Flattening hills: making of new metropolis in China

Source:Xinhua Published: 2012-12-14 19:03:16

Dozens of bulldozers are flattening hills on the north bank of the Yellow River in Lanzhou City. In three to four years, the area is planned to turn into a bustling downtown.

The ambitious land-transformation project has been dubbed as a real-life version of the Chinese legend "Foolish Man Moving Mountains," which is equivalent to the Western term of "where there's a will, there's a way."

The 10-square-km land with about 1,000 low hills has been designated as an extended city area of Lanzhou, capital of northwest China's Gansu Province.

The urban expansion is expected to solve the land use bottleneck for the city narrowed by mountains from the north and the south and with the Yellow River traversing through the middle.

Li Changjiang, deputy director of the Lanzhou Land Resources Bureau, said that restricted by geological conditions, the city has the least land reserve to support its urbanization among all provincial capital cities in China.

However, the city predicts its population will increase from 3.6 million to 5 million in the next few years as more farmers quit farmlands to work in the town.

The urban part of Lanzhou has mainly flourished on the southern bank of the river, where no more land reserve can be used for real estate development.

"The city can not turn to its outlying farming areas for land development, as the central government has made strict orders to safeguard arable land reserve only for farming purposes in order to ensure adequate grain supply," said Li.

In efforts to help Lanzhou and other cities with similar problems to seek development, the central authorities have designated the first group of 11 cities to pilot a comprehensive waste land exploration program. This is aimed to strike a balance between guaranteeing land for urbanization development and the protection of arable land.

Among them, there are the revolutionary base of Yan'an in Shaanxi Province and Lishui, a hilly city in eastern Zhejiang Province.

Under the program, the Ministry of Land Resources has allowed local authorities to transform waste land for urbanization.

It has also stipulated that the newly reclaimed urban part for each of the cities can not exceed 10 square km in the next five years.

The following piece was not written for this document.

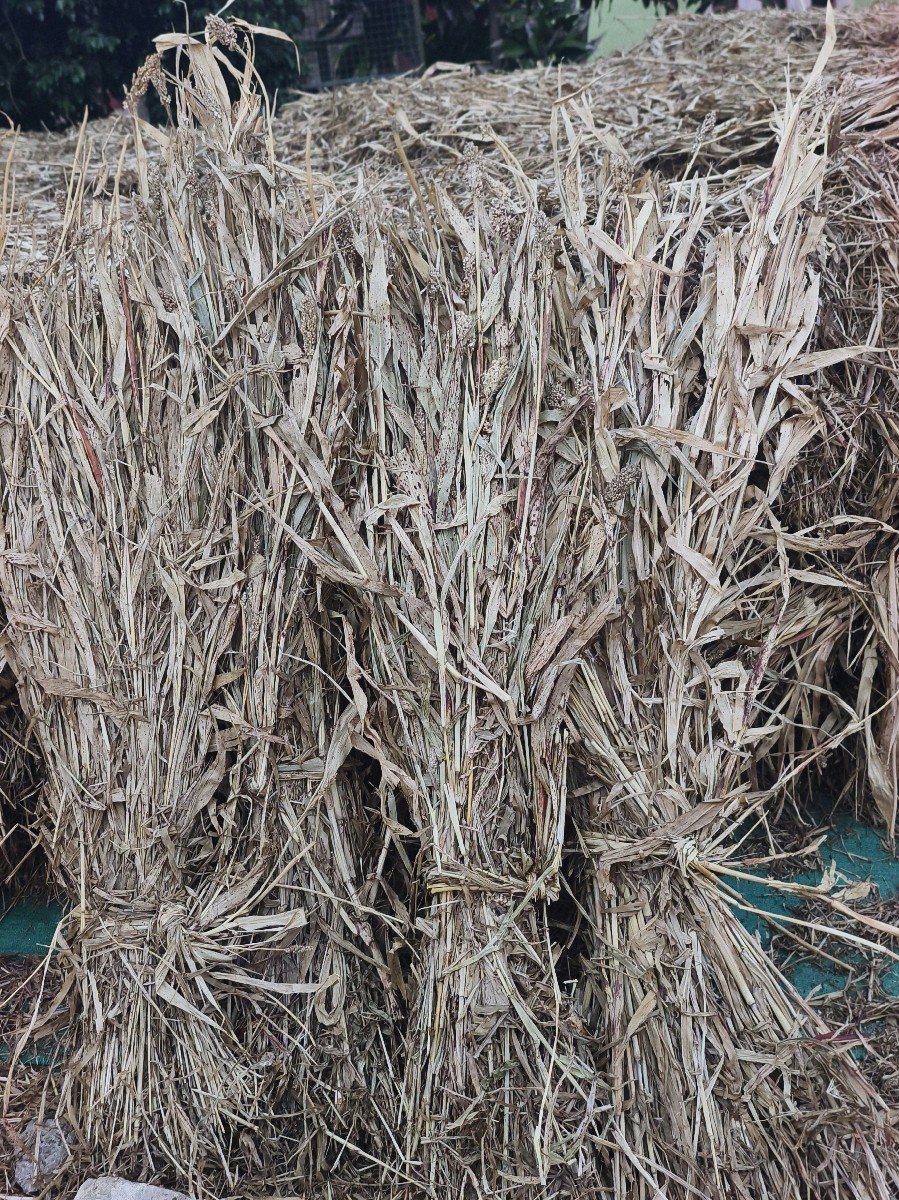 સાર વેચવાની છે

Before the Lanzhou New Area construction was kicked off earlier this month, it was Baidaoping Village. Little greenery can be spotted on the low-yielding loess land.

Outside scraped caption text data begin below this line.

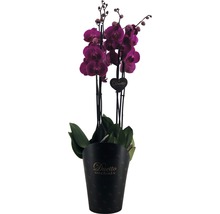 Fjärilsorkidé FLORASELF Phalaenopsis Hybride 70-80cm krukstorlek Ø17cm 4 stänglar rosa-lila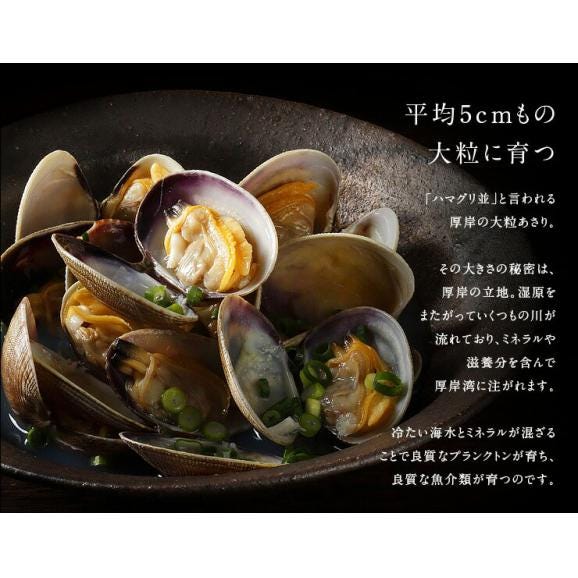 北海道 厚岸産 ごろっと殻付特大あさり 800g(あさりえもん)獲れたてをお届け【水揚げがあり次第発送】【送料無料】【砂出し済】ブランドあさり 浅利 北海道 貝 お取り寄せグルメ03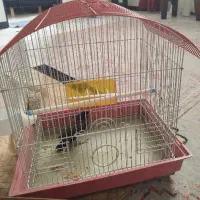 قفس پرنده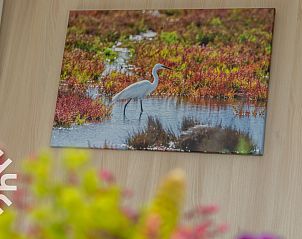 Guest house 600816 - Holiday property Schouwen-Duiveland - ZE724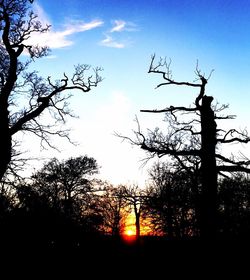 Silhouette of trees at sunset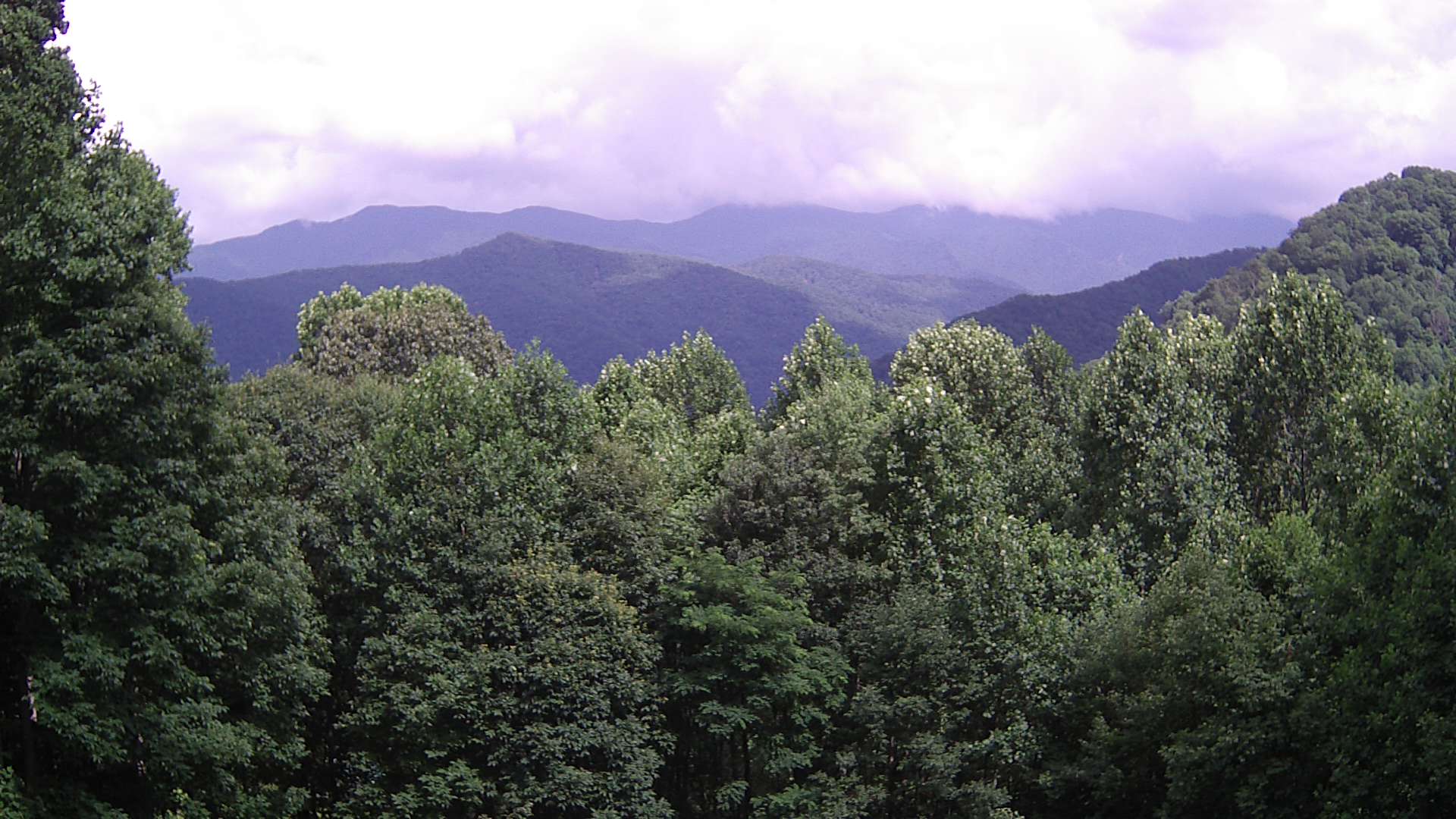 click for next image... slideshow image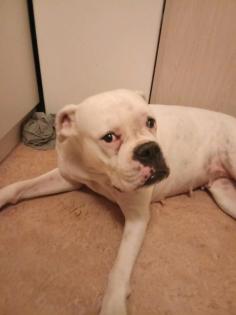 Hallo Liebe volle Boxer hündin leider weg geben aus persönlichGr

Most of 1,800 villagers lived on growing vegetables on small patches of land they reclaimed on the upland.

As the place is urbanized, it has been eyed as the most sought-after housing areas for Lanzhou citizens, which have been troubled by soaring housing prices resulted by the land crisis.

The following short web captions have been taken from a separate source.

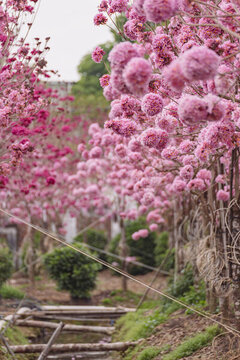 繡球紫花風(fēng)鈴木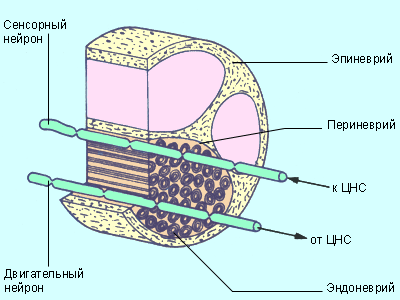 Bior8 8 7.gif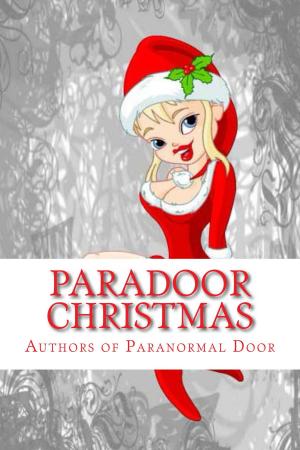 Book cover of Paradoor Christmas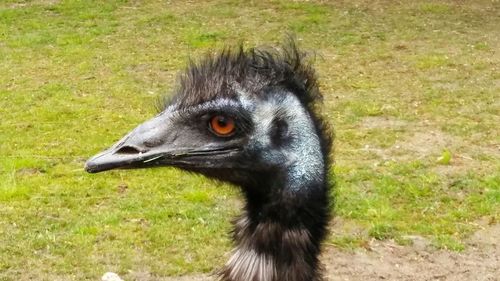 Close-up of bird on grassy field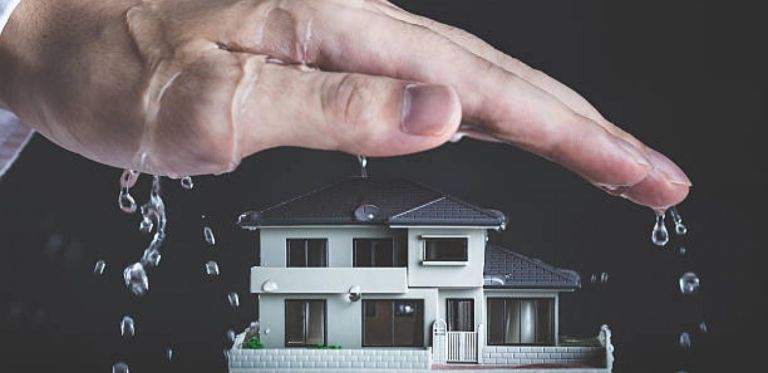 dmwholesale-services-eco-efficient-methods-for-preventing-and-addressing-water-damage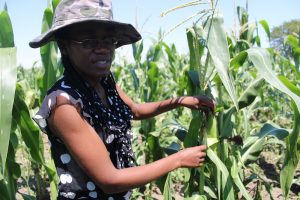 Jóvenes agricultores de Zimbabwe no pueden acceder a préstamos bancarios pese a poseer tierras y a que el gobierno promociona la agricultura como el instrumento para mejorar la seguridad alimentaria interna. Foto: Busani Bafana / IPS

The city's planning department has pictured the new city area as a ladder-type town suitable for its upland landscape.

The large-scale land development project has attracted private developers including the Nanjing-based China Pacific Construction Group and the Guangdong Country Garden Holdings Group.

Yan Jiehe, chairman of the China Pacific Construction Group, said the company planned to spend six months leveling the hills before consolidating it for urban land development.

The company has signed an agreement with the Lanzhou municipal government to invest 20 billion yuan (3 billion US dollars) for the development project.

Under the agreement, the government will pay back the fund with an additional 9 percent profit for the company after the land auction.